▸ **TRY IT**
Starting at the line below that contains "Shtepi me qera 3+1 ne Tirane - 2,300 Euro" and ending at the line that contains "安娜堡和密歇根大学的鸟瞰图", retype each line exactly as it stands, but omit the pictures.

▸ **GIVEN ENTRIES**
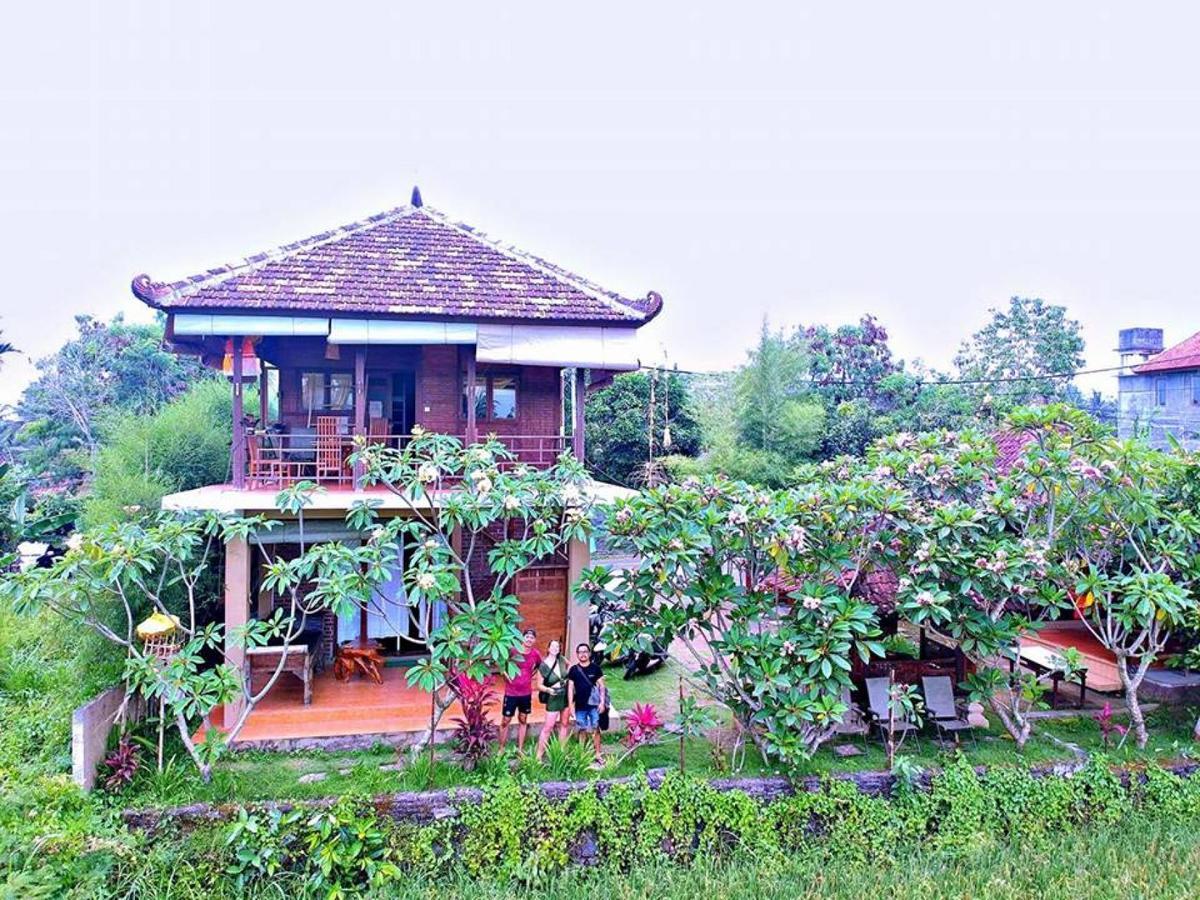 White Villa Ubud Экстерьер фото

==

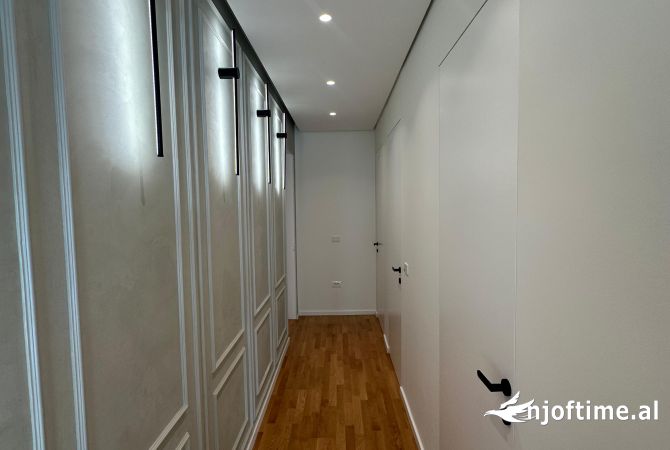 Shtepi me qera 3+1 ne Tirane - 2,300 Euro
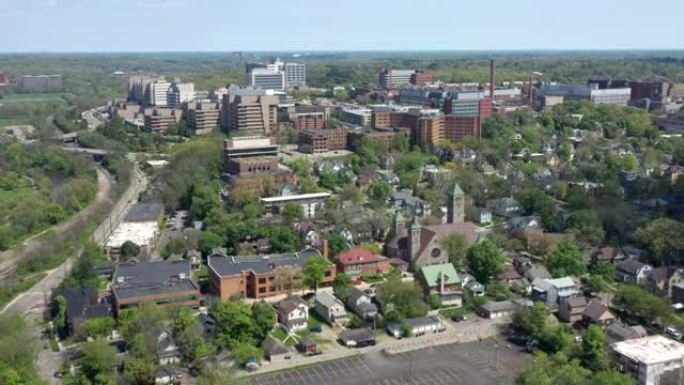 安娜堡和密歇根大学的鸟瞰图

* * *

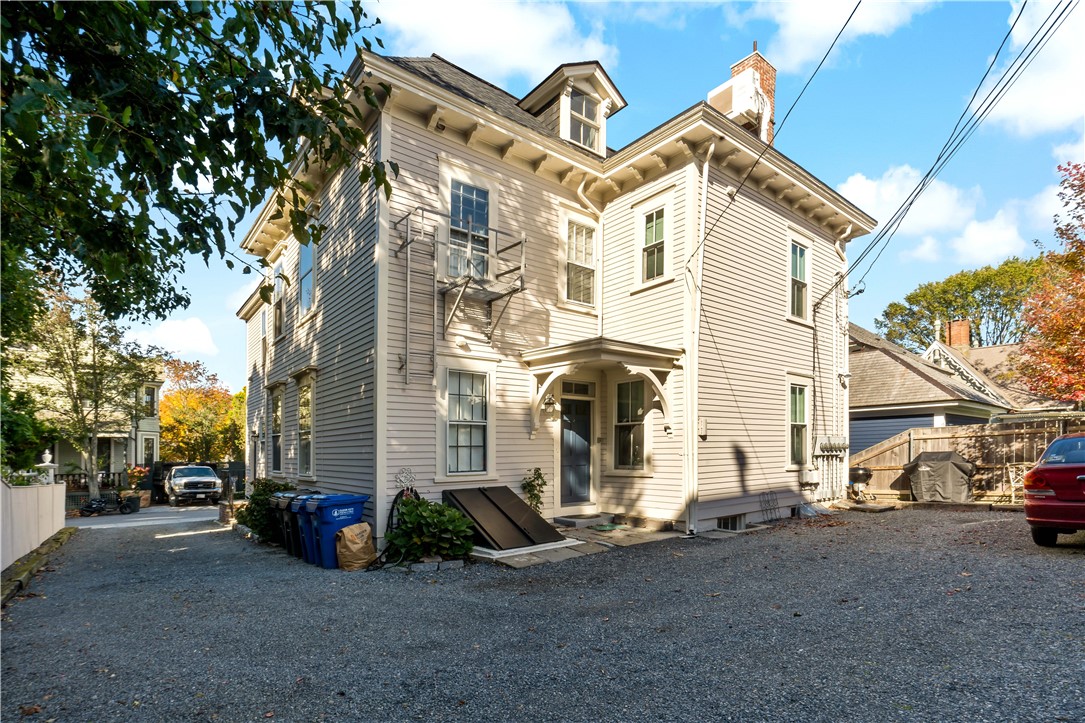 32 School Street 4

▸ **ANSWER FOR THE TASK**
 Shtepi me qera 3+1 ne Tirane - 2,300 Euro
 安娜堡和密歇根大学的鸟瞰图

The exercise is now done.